In psychology, the spotlight effect describes our tendency to significantly overestimate how much people are paying attention to what we say and do.

This is a problem because it makes us more anxious than necessary and sometimes prevents us from taking action that would be in our own best interest.

You experience the spotlight effect when you:

  • Ruminate over the one small dumb thing you said in a meeting, now believing everyone present questions your intelligence and worth

  • When you think that everyone will forever remember how smart your contributions were to a discussion relative to other people’s thoughts

  • Debate endlessly about whether to approach that person you find attractive in a social setting for fear of being rejected in front of others

  • Believe that everyone paid very close attention to your performance (good or bad, and whatever the context) and that they will remember it for a very long time

  • Restrain yourself from dancing freely because you think everyone is watching and judging your dance moves, in turn making you more tense and awkward. You stop (or never learn to) enjoy dancing, karaoke, charades, etc. etc.

You can thank evolution for your self-consciousness

We worry a lot about what other people think of us. Back in the hunter-gatherer days, you could be booted out of your tribe for alienating yourself or acting too differently from the others. Getting booted from the tribe probably meant death.

These days, we still carry that intense fear of judgment and acute awareness of others opinions despite that the consequences of alienation in our current society are far more abstract and inconsequential.

To help counter this tendency, remember that everyone else is busy thinking about themselves, too. They are not paying nearly as much attention to you as you think.

Tim Urban draws a hilariously captures the absurdity of the thinking behind the spotlight effect in his post, Taming the Mammoth.

He first shows how we imagine things to be in social settings, with everyone is watching our every move:

Source: Wait But Why

In our imagined reality, everyone is competing for a view of the grand show that is our life. We are the lifeblood of the social scene. We are the center of the universe. The spotlight shines brightly upon us.

But in the real world, other people deeply preoccupied with the experience of being themselves. They have their own problems and worries to deal with. They are not paying attention to your nearly as much as you think.
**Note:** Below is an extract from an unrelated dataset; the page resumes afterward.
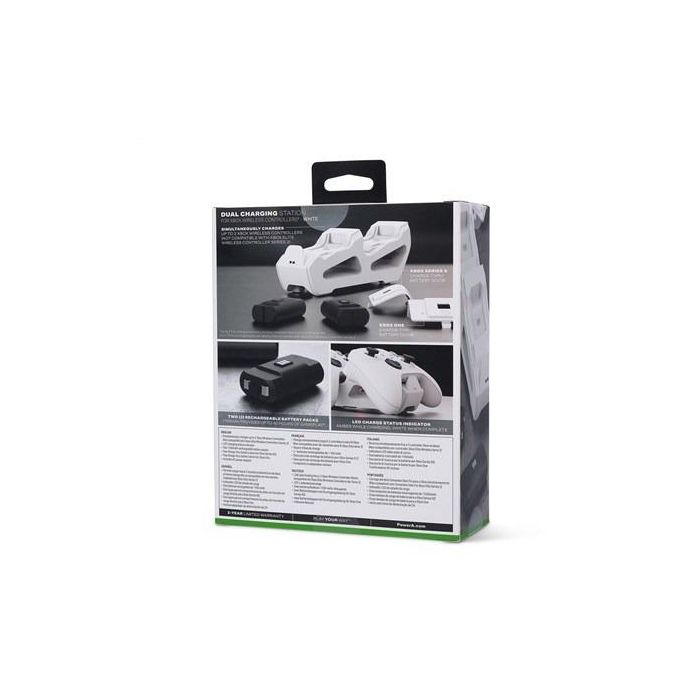 Power A 1524377-01 Estación de Carga Dual Xbox Blanca para Mandos Xbox Series X|S y Xbox One 6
They are worrying about what you think of them.

We could do ourselves a favor by remembering this is a far more accurate representation of how much attention others pay us at any given moment:

Source: Wait Buy Why

Dimming down the spotlight

Recognizing the absurdity of our self-conscious thinking can free us to be bolder in social settings. The fact that people aren't paying nearly as much attention to us as we believe can be a wonderful thing.

The less you worry about how others perceive you in social settings, the more you can be present and enjoy whatever you are doing. You will dance more freely, conversate with greater ease, and generally take more social risks.

This also means that our errors, our slip-ups, our poor performances do not hold nearly as much weight in the memories of others as they do in our own. We can get on with our lives quicker when we do mess up.

The next time you feel the world is watching you closely, let these wise words from Tim liberate you:

No one really cares that much about what you’re doing. People are highly self-absorbed.

Everyone is just busy thinking about themselves, too.